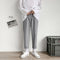 Img 10 - Hong Kong Pants Men Korean Trendy Loose Straight All-Matching Student Casual Long Drape Pants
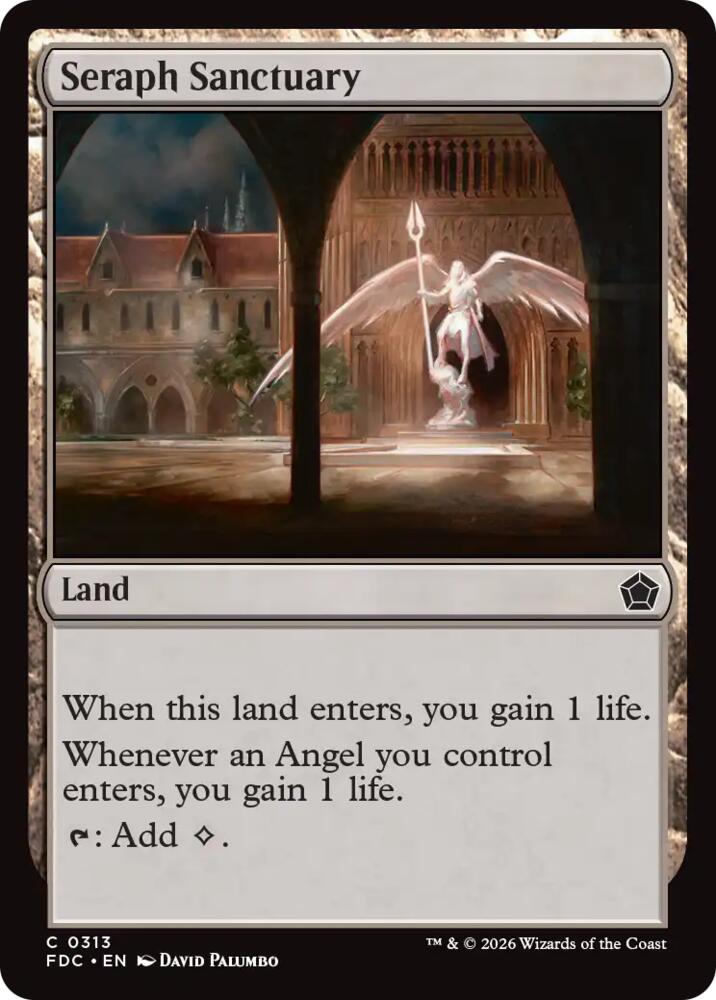 Seraph Sanctuary 313 card from Commander: Foundations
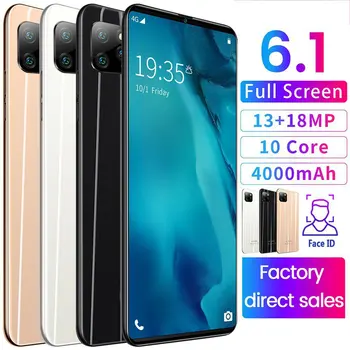 i11 Pro 6.1 inch Full Screen Smartphone 1+8G Dual Sim Card for Android Phone 18MP Camera 3G Smart Phone mobile phone In Stock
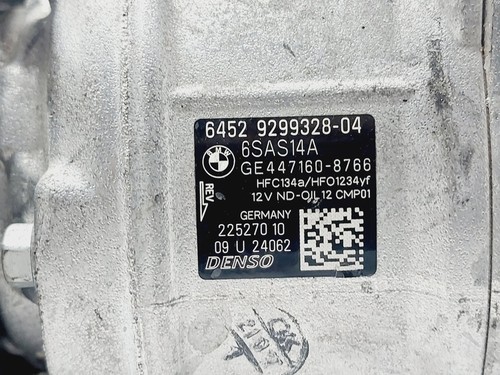 64529299328 9193264 klimakompressor BMW SERIE 1 BERLINA 5P F20 2011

PROBLEM REQUIREMENTS :: Return the material verbatim; the images are not to appear in the copy.

SOLUTION TO THIS TASK ::
 Img 10 - Hong Kong Pants Men Korean Trendy Loose Straight All-Matching Student Casual Long Drape Pants
 Seraph Sanctuary 313 card from Commander: Foundations
 i11 Pro 6.1 inch Full Screen Smartphone 1+8G Dual Sim Card for Android Phone 18MP Camera 3G Smart Phone mobile phone In Stock
 64529299328 9193264 klimakompressor BMW SERIE 1 BERLINA 5P F20 2011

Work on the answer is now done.